On Sunday, over 66,000 polling stations opened in France at 8 a.m. local time (6:00 GMT). About 47 million voters are expected to cast ballots, choosing among 11 presidential candidates. The first results are expected at around 8 p.m. local time later in the day, when the polls close.
Voting at the polling station in the 7th bureau of Paris, where earlier in the day Republicans' party nominee Francois Fillon voted, is going smoothly. Logistics at the polling station are impressive as there are no long lines even in early morning hours, when a lot of French came to vote with their families and kids hoping to see one of the candidates casting his ballot, Sputnik correspondent reported.
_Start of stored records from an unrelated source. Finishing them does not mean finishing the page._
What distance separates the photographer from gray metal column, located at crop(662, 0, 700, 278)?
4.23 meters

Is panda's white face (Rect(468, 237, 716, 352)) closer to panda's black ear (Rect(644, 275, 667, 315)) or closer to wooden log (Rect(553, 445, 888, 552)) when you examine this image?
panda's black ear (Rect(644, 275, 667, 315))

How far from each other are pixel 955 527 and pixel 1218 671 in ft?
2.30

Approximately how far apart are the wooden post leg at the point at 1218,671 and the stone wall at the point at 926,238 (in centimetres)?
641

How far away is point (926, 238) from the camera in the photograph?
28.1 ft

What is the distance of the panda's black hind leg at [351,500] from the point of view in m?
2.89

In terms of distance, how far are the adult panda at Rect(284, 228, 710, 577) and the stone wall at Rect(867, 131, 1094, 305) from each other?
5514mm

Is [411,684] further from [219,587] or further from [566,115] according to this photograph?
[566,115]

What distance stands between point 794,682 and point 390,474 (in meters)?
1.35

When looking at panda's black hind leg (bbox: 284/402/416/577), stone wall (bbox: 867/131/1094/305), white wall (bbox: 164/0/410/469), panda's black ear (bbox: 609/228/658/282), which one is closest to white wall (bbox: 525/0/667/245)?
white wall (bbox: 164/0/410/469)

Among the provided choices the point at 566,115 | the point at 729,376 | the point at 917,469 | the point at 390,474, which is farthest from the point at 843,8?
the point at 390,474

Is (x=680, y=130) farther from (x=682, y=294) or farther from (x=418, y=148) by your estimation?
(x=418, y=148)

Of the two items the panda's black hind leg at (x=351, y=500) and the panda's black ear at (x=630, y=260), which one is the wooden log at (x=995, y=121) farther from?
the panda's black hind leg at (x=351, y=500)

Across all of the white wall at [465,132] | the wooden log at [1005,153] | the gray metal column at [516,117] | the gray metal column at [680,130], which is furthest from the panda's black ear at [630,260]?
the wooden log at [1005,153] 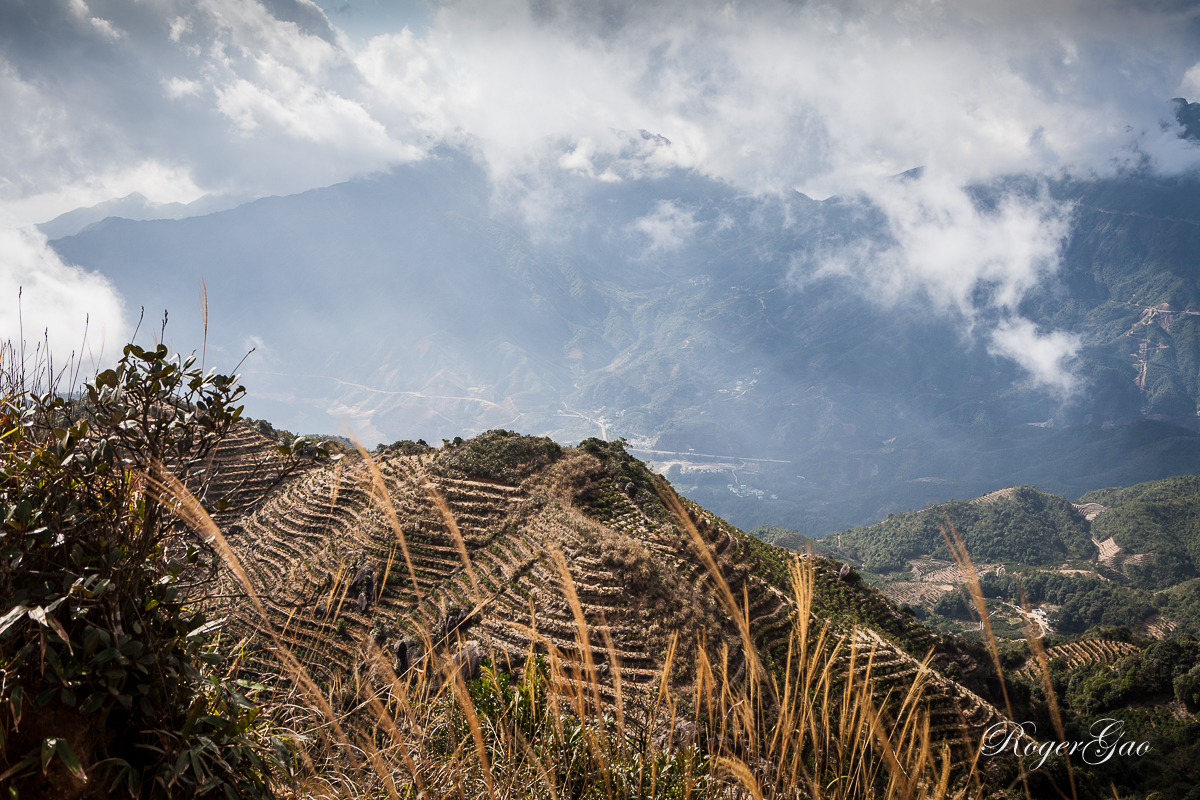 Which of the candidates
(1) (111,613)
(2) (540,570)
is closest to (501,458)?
(2) (540,570)

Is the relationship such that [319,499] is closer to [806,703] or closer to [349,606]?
[349,606]

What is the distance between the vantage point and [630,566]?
563 inches

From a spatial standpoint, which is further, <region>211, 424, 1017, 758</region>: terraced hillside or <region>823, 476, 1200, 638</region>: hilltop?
<region>823, 476, 1200, 638</region>: hilltop

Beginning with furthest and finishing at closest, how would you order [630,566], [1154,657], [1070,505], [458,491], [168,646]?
1. [1070,505]
2. [1154,657]
3. [458,491]
4. [630,566]
5. [168,646]

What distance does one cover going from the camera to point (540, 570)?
16250 millimetres

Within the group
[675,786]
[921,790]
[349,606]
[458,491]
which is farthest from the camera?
[458,491]

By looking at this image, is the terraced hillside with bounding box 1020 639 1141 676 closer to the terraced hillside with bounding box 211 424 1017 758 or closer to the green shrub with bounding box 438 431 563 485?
the terraced hillside with bounding box 211 424 1017 758

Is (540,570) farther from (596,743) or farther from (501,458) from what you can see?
(596,743)

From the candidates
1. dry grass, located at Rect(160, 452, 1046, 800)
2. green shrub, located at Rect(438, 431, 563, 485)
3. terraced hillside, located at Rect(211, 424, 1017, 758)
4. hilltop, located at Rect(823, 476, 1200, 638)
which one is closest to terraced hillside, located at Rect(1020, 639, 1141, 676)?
hilltop, located at Rect(823, 476, 1200, 638)

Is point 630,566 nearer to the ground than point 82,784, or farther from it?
farther from it

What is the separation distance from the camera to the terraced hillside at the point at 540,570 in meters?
13.3

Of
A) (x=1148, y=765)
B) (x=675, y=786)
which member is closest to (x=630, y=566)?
(x=675, y=786)

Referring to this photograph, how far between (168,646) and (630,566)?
12.6m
One of the voters told the correspondent that Fillon was "the only one capable of ruling the country," while the other candidates were not experienced enough or their programs were not relevant to the modern situation and challenges. The voter also pointed out that the scandals around Fillon did not affect her opinion.
"They [scandals] were mostly exaggerated by the local authorities and if this is the only factor he could be criticized of during his 36-year political career, than we do find it embarrassing," a woman named Liza said.
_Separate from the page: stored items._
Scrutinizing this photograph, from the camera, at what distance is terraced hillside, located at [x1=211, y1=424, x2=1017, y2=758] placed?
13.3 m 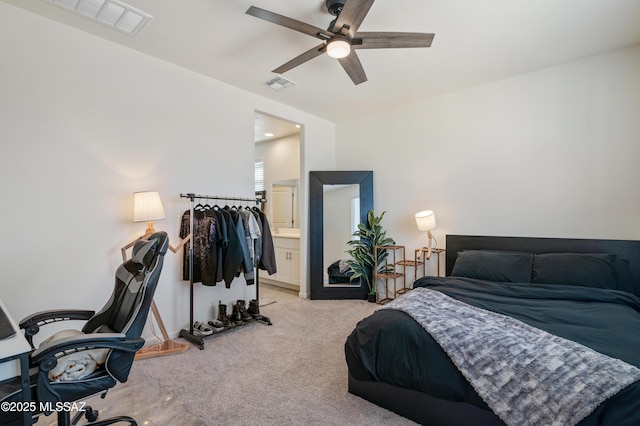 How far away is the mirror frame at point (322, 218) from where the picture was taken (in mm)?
4758

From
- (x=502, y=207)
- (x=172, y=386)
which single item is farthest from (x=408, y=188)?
(x=172, y=386)

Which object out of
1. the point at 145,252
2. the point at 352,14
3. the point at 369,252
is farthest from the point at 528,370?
the point at 369,252

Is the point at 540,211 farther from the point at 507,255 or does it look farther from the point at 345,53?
the point at 345,53

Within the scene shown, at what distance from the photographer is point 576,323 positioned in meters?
1.96

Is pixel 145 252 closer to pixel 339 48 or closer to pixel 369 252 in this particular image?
pixel 339 48

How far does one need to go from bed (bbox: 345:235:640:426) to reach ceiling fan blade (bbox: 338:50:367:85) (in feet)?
6.46

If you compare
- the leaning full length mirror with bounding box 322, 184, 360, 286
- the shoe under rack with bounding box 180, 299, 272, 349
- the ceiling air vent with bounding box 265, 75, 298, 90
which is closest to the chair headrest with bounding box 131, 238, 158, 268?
the shoe under rack with bounding box 180, 299, 272, 349

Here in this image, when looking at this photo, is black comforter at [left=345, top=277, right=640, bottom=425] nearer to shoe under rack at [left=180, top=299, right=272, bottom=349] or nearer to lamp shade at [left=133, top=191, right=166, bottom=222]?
shoe under rack at [left=180, top=299, right=272, bottom=349]

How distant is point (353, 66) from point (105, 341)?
256 cm

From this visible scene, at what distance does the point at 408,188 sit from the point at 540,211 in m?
1.63

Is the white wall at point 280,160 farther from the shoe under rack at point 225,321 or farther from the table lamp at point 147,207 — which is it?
the table lamp at point 147,207

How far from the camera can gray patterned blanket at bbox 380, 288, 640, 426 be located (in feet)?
4.47

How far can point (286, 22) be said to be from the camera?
2.11 metres

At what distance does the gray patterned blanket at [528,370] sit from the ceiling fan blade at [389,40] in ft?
6.38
Another voter named Eloise, who came to the polling station in the center of Paris with two small kids, said she voted for Fillon "for her kids."
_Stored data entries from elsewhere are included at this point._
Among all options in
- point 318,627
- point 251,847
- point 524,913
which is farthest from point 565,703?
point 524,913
"I think he is the best of all candidates. I voted for Fillon so my kids have a better future," she pointed.
According to the recent polls he will lose to independent candidate Emmanuel Macron and far-right candidate Marine Le Pen in the first round of presidential election.
In order to cast a ballot in France a citizen must be over 18 years old, not legally banned from voting and registered on the electoral list.
The same rules are applied to presidential candidates. They must also show a sense of 'moral dignity', which is a loose term without a clear legal definition. A presidential hopeful must also collect 500 signatures of support from elected representatives.
Anyone who is able to fulfill this criteria becomes eligible to run for the first round. If nobody wins the first round with the absolute majority, the two highest scoring candidates face each other in a runoff.
The French residents will choose from 11 candidates in the first round, but only two of them will make it to the second round on May 7, which will be held if nobody gets support of more than half of voters.